Je dois confesser que jusqu’à mes quatorze ou quinze ans, Michael Bay était un sacré gage de divertissement : visionnages intensifs des Bad Boy, fascination pour la bataille de Pearl Harbor, sympathie non feinte à l’égard de Transformers... et plus en arrière, un souvenir très marqué d’Armageddon. Intimement, ce modèle d’intrigue sur fond d’extinction imminente de l’humanité me remuait au plus haut point, telle la révélation de notre « insignifiance » relative à l’échelle du cosmos : au moyen d’une menace à l’envergure incommensurable, la brièveté de notre existence et, surtout, de sa valeur nullement absolue me sautaient sans coup férir au visage.
Aussi, il convient de féliciter Bay pour cette mise en abime pleine de justesse, preuve en est d’un film catastrophe aucunement assujetti à de basses considérations sensationnelles. Maintenant, pardonnez la gratuité de ce sarcasme, car par-delà mes états d’âme enfantins, cela tombe sous le sens qu’Armageddon s’en tient plus de deux heures durant à une débauche de pyrotechnie : saupoudrée d’une sacrée verve patriotique, le long-métrage vise davantage à imprégner la rétine de ses moyens considérables (la bagatelle de 140 millions de dollars en guise de budget) plutôt que d’explorer, comme a pu le faire Sunshine (cette comparaison m’en coûte), l’impact d’une tel désastre sur « l’humain ».
D’autant plus que cet argumentaire visuel accuse deux écueils évidents : d’abord très convenu, l’esthétisme global du long-métrage s’en tient dans les grandes largeurs à une peinture peu inspirée de son background spatial, son envergure tonitruante à grand renfort d’explosions l’emportant sur tout semblant d’originalité. Secondement, son classicisme clairement orienté « blockbuster » offre si peu en termes de propositions que le passage du temps n’en est que plus évident : pour une production « seulement » âgée de vingt ans aujourd’hui, on frise le cheap, chose d’autant plus patente que la teneur nanarde de ses nombreuses scènes d’action alourdit le tout.

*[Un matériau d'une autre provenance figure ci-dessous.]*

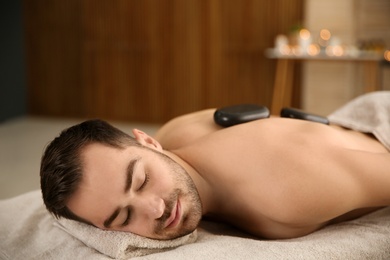 Handsome man receiving hot stone massage in spa salon. Space for text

Sans surprise dans la droite lignée d’une empreinte formelle pataude, le fond oscille pour sa part entre divertissement écervelé et grands airs de nanard refoulé, les pérégrinations improbables de Stamper et cie revêtant une gravité a priori assumée : quelques ressorts majeurs fonctionnent en ce sens, tel le climax sacrificiel et iconique de vous-savez-qui (ma sensibilité aidant) qui vient parachever l’écriture (simple mais) efficace des figures principales, mais l’ensemble souffre trop d’un humour désamorçant toute ébauche d’atmosphère crispante. Sur courant alternatif, ses prétentions dramatiques s’avèrent ainsi très limitées au sein d’un récit faisant la part belle aux répliques légères, une démarche certes légitime sur le papier (à l’échelle d’Armageddon) mais faisant trop d’ombre au peu de sérieux à l’œuvre.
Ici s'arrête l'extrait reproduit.